While all of this sounds like a “normal” course of events, Magnitsky died in 2009 while he was being held in the pre-trial detention center. It was because of this his case was closed, and his death sparked public outcry. Regardless, Russian criminal law allows for the prosecution of dead persons:

According to Article 24 of the Russian Code of Criminal Procedure, proceedings can be closed against a deceased person who stood accused of some crime pending the consent of his relatives. The case would then be closed on so called non-rehabilitative grounds meaning that relatives of the person do not demand the deceased person to be recognized as innocent. Under the law, if a family wants their deceased to be cleared of all charges and declared innocent, they must approve ongoing investigations.

However, this prosecution violates Magnitsky’s right to defend himself in person. Amnesty International is even more concerned with the precedent that this prosecution would set: not only the actual trial of a deceased person, but the forcible involvement of his relatives.

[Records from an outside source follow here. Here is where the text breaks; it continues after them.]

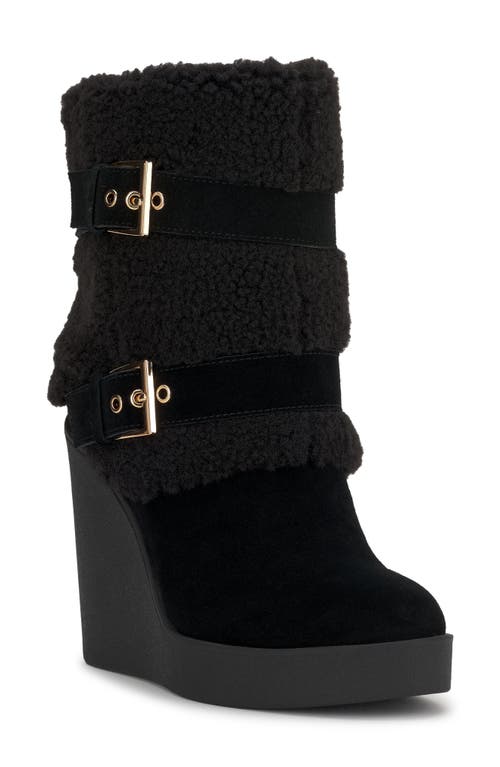 Jessica Simpson Meztyn Faux Shearling Wedge Boot In Gray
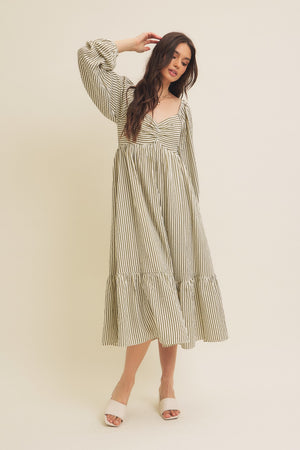 Olive ballon sleeve dress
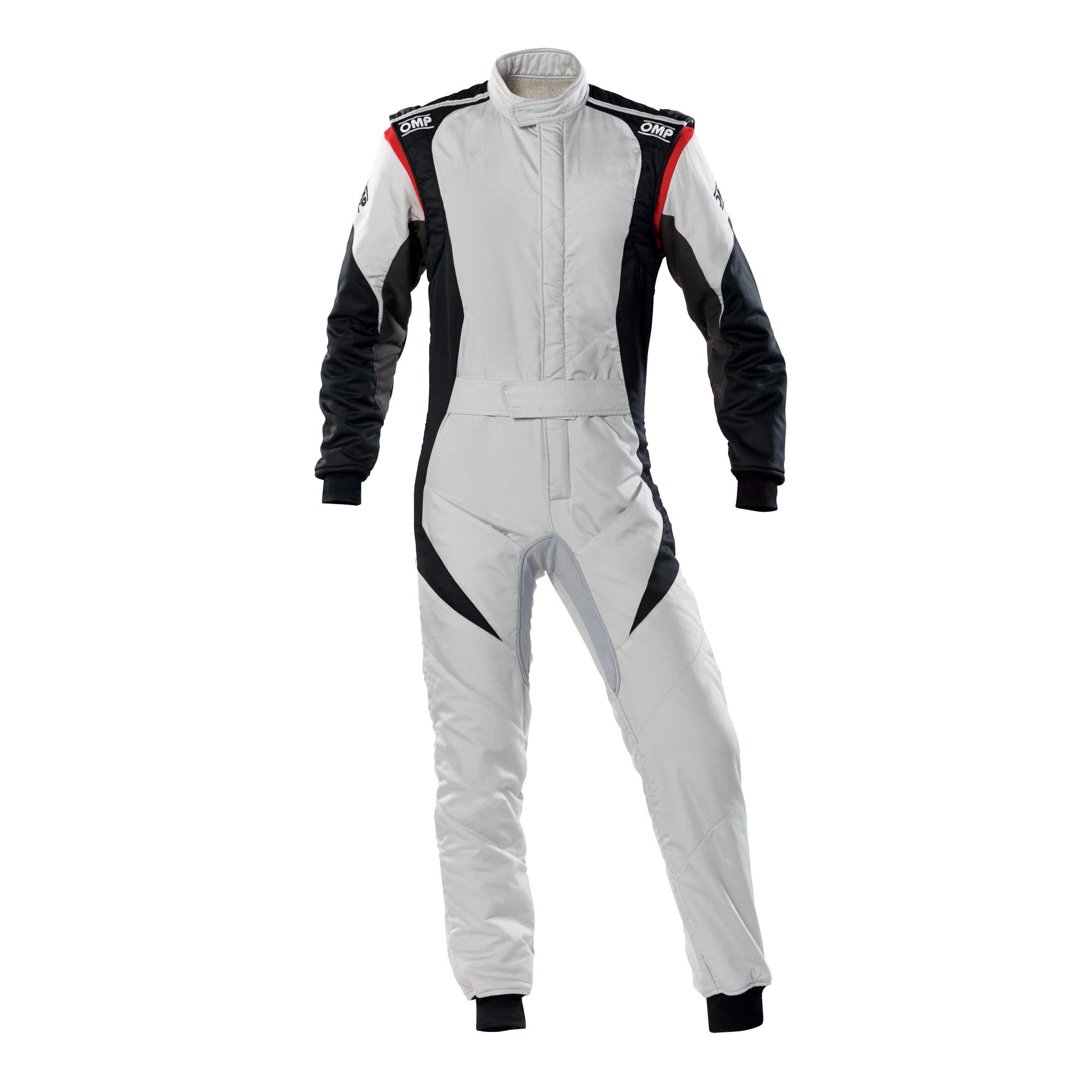 White racing suit with black panels and red/yellow shoulder accents, front zip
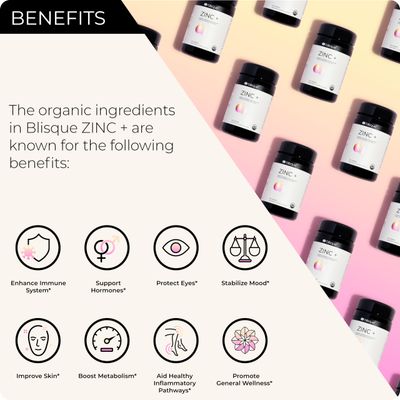 Blisque - Organic Zinc Supplement Sourced from Guava Leaf for Immune Support, Defense and Boost with Ashwagandha, Aloe Vera, Ginger, and Turmeric Vegan Powder 60 Grams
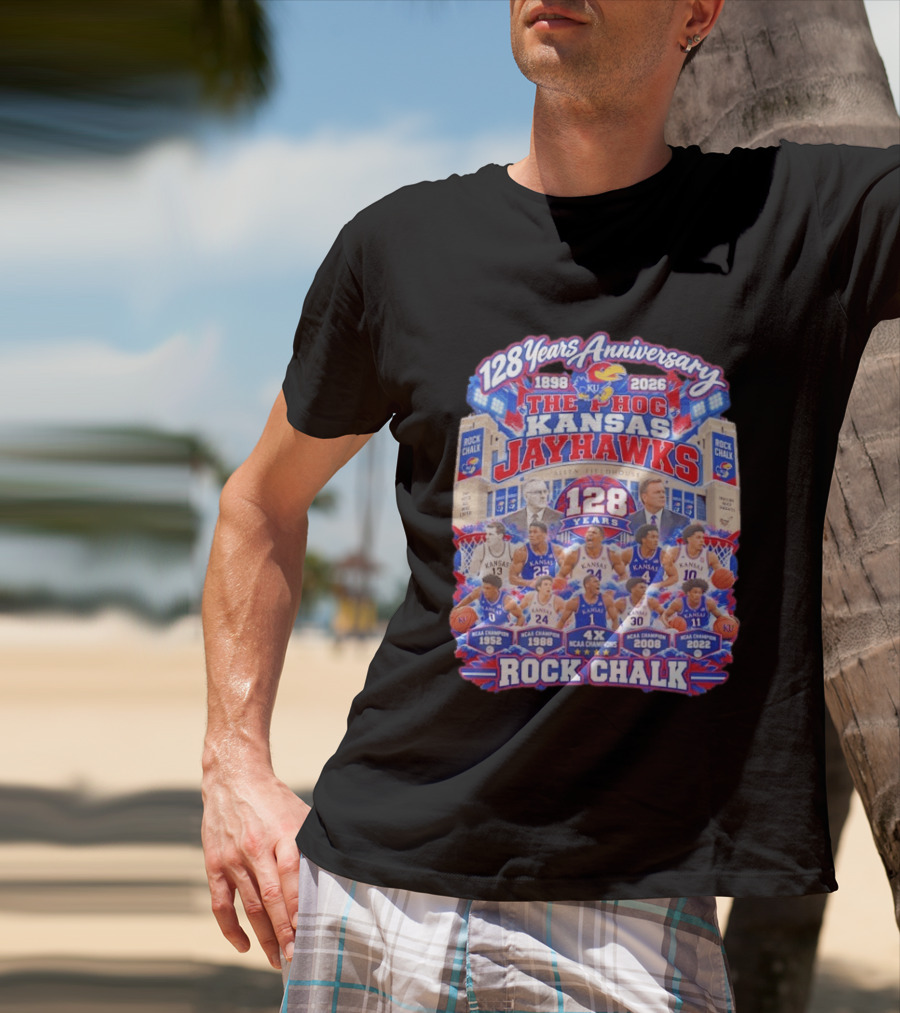 Kansas Jayhawks 128 Years Anniversary 1898 2026 The Phog NCAA Champions Rock Chalk T-Shirt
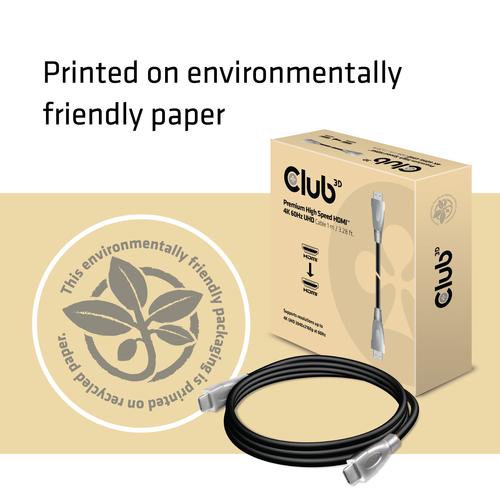 CLUB3D Premium High Speed HDMI™ 2.0 4K60Hz UHD Cable 1 m/ 3.28 ft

Is Russia’s law that allows deceased persons to be prosecuted unreasonable or outrageous? Is the type of the case (tax evasion) what makes the law seem silly, and if so, what types of crimes would this make sense for? For instance, what about those who commit war crimes – should those types of crimes be allowed to be prosecuted even in death, or even then the decedent’s rights should be upheld? Is potentially forcing a family to be involved in the prosecution to prove the decedent’s innocence the unfair part of this law?

 

Source

Amnesty International

7 comments

  1. To answer Alison’s question, I do not think this practice is ridiculous, under certain circumstances. For a crime like tax evasion, there should be no proceedings after the death of the defendant. For a more serious crime, I can understand why a family would want to clear their loved one’s name from alleged guilt. I personally may be more focused on mourning and less on justice, but if my family member was accused of say, mass murder, and I knew he was innocent, I would like to clear his name and maybe even aid in finding the actual culprit. This process would be time consuming and costly, which is why I say that this practice is reasonable, but only in special contexts. I do not think this would be forcing families to be involved in the prosecution because they would have to approve for the prosecution to continue. When I first read this article I thought that if the decedent has died, there is no need for a trial. Now that I think about it, post-death litigation could actually be beneficial pending particular events.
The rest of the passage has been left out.